**MATERIAL FOR THIS EXERCISE:**
_____

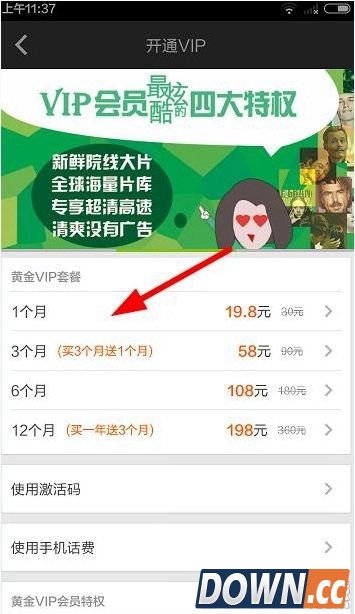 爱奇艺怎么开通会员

_____

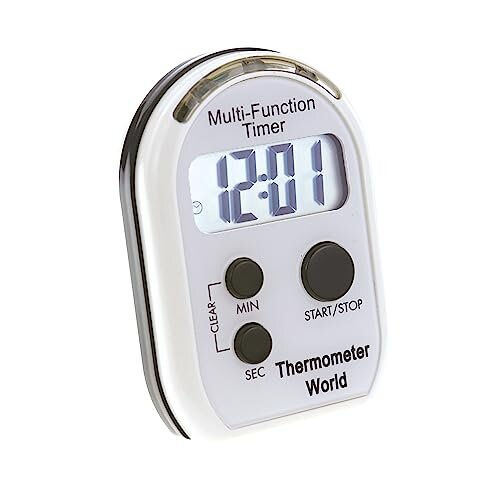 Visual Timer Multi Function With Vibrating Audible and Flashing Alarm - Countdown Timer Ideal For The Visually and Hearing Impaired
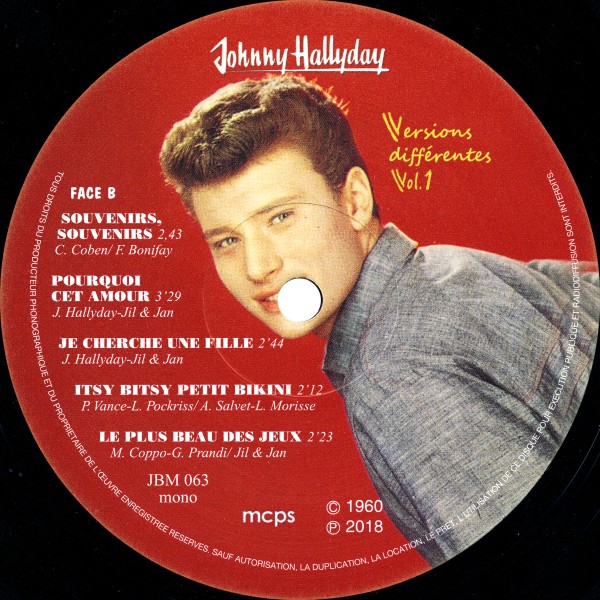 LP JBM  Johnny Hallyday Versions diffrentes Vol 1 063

_____

Output exactly the lines of the listing above that start with the one holding "Visual Timer Multi" and go on through the one holding "diffrentes Vol 1 063"; leave the pictures out.

 Visual Timer Multi Function With Vibrating Audible and Flashing Alarm - Countdown Timer Ideal For The Visually and Hearing Impaired
 LP JBM  Johnny Hallyday Versions diffrentes Vol 1 063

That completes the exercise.